Search code examples
mysqlquery-optimizationpartitioning

Why this simple query does not run optimal in mysql using partitions?


Under Mysql version 5.7.31, Ubuntu 18.04 8core cpu system with 24gb of ram, I have a table named mytable. It is partitioned in 30 partitions using a HASH(YEAR(created_at)) function on a datetime field named created_at. It consists of a total of 185378420 records. It has a primary key using auto_increment named id.

Table structure:

CREATE TABLE `mytyable` (
  `id` int(11) NOT NULL AUTO_INCREMENT,
  `created_at` datetime NOT NULL DEFAULT '0000-00-00 00:00:00',
  PRIMARY KEY (`id`,`created_at`),
  KEY `created_at` (`created_at`),
) ENGINE=MyISAM AUTO_INCREMENT=194156422 DEFAULT CHARSET=utf8
/*!50100 PARTITION BY HASH (YEAR(created_at))
PARTITIONS 30 */

I am trying to run this simple query.

SELECT * FROM `mytable` WHERE `id` IN (194070462,194070461) ORDER BY `id` DESC;

I cannot understand why it gets stucked in sending data phase, while I am not sure if it ever completes succesfully.

On the other hand if i change the sort direction it runs very fast (in terms of miliseconds).

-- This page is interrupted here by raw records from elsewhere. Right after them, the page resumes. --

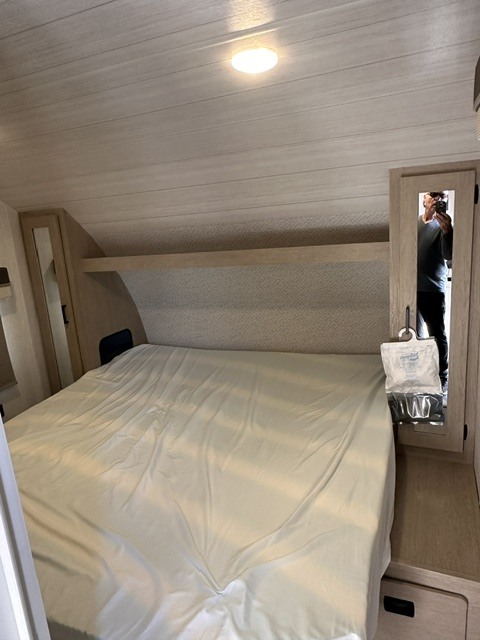 Cozy RV rental bedroom with a bed, overhead shelf, ceiling light, and a moisture absorber near the mirror.. Forest River Wildwood X-Lite 2023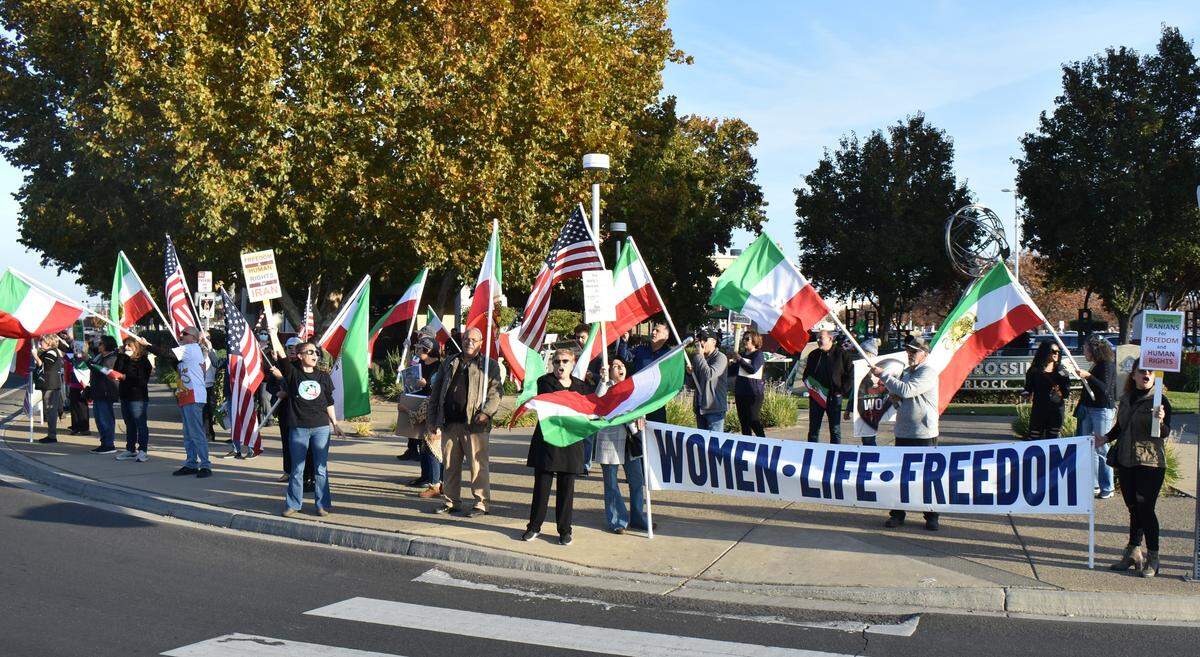 Dozens of people gathered at a Turlock intersection the afternoon of Sunday, Nov. 20, 2022, to protest against the Islamic Republic of Iran. They called for democracy, human rights and an end to the Islamic regime.
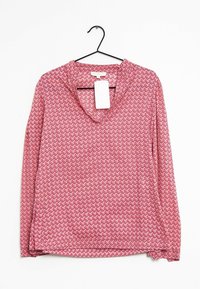 Langärmlige Bluse in Pink mit einem geometrischen Zickzackmuster, leichtem Stoff, V-Ausschnitt und einem Etikett, das an einem Kleiderbügel hängt.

SELECT * FROM `mytable` WHERE `id` IN (194070462,194070461) ORDER BY `id` ASC;

And also if I remove the order by clause competely

SELECT * FROM `mytable` WHERE `id` IN (194070462,194070461);

Both queries produce the expected output which is:

+-----------+---------------------+
| id        | created_at          |
+-----------+---------------------+
| 194070461 | 2021-07-26 21:16:47 |
| 194070462 | 2021-07-26 21:16:47 |
+-----------+---------------------+

I believe it should be able to first gather the data and then try to sort them.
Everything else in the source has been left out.